As the 2011 trade deadline approached, the San Francisco Giants were leading the NL west with only the Diamondbacks close to them in the standings. The solid pitching that had led the Giants to the 2010  World Series victory was still in play, but a big bat was needed in the middle of the lineup.

On July 28, four games up on the D-Backs, GM Brian Sabean made a high-risk move when he acquired Carlos Beltran from the Mets for San Francisco’s top organizational prospect, single A RHP Zack Wheeler. When the dust settled on the 2011 regular season, the Arizona Diamondbacks were NL west champions, the Giants missed the playoffs and Beltran became a free agent, ultimately leaving San Francisco to join the Cardinals.

Almost a year later, Wheeler is a Binghamton Met and lighting up the AA Eastern League with a 6-2 record and excellent peripheral stats. Now the Mets top organization prospect, Wheeler has mowed down 70 hitters in 65 2/3 IP with only 27 walks and 39 hits allowed. Opponents are batting .174 against him.

The Giants’ major league pitching is a position of strength but Wheeler was the cream of a thin crop as far as minor league starters. Tim Lincecum’s struggles this season make for an unexpected flaw in an otherwise first-rate rotation. Sabean has locked up Matt Cain and Madison Bumgarner for the next few years so the starting pitching will continue to be a cornerstone for the G-men.

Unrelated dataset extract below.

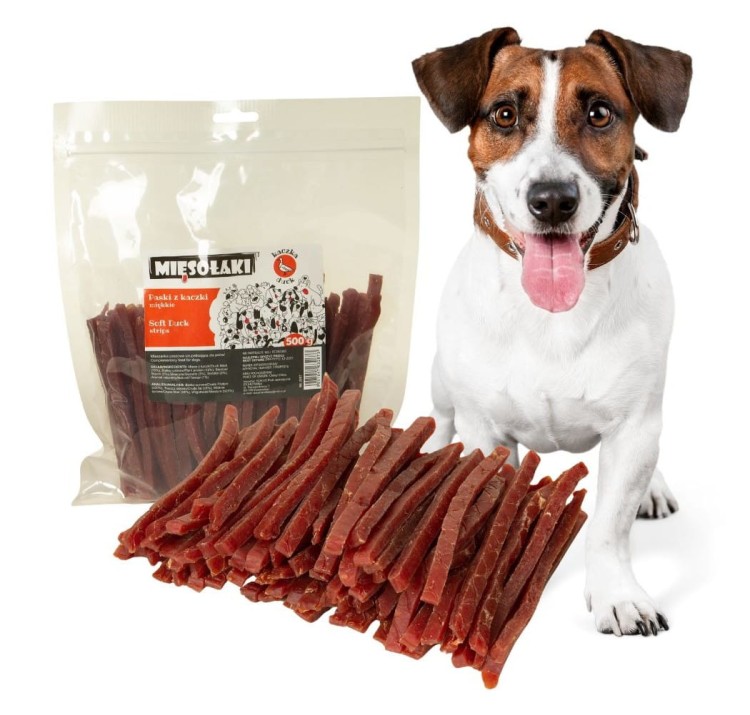 MięsoŁaki Miękkie Paski z kaczki Przysmak dla psa 500g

But the idea of plugging Wheeler in when Barry Zito’s contract runs out or if Lincecum continues to struggle would be a natural fit a year or two down the road. To let him get away for a rental that didn’t pay off with a post-season berth will be a tough pill to swallow if Wheeler continues to develop and becomes a solid part of the Mets’ rotation.

Such is the plight of Sabean and his fellow GMs. He strikes paydirt with castoffs like Aubrey Huff, Cody Ross and Pat Burrell and takes it all the way to a 2010 World Series victory. But a proven commodity like Beltran isn’t enough to spur the offense to a spot in the 2011 post-season. And it cost him Wheeler.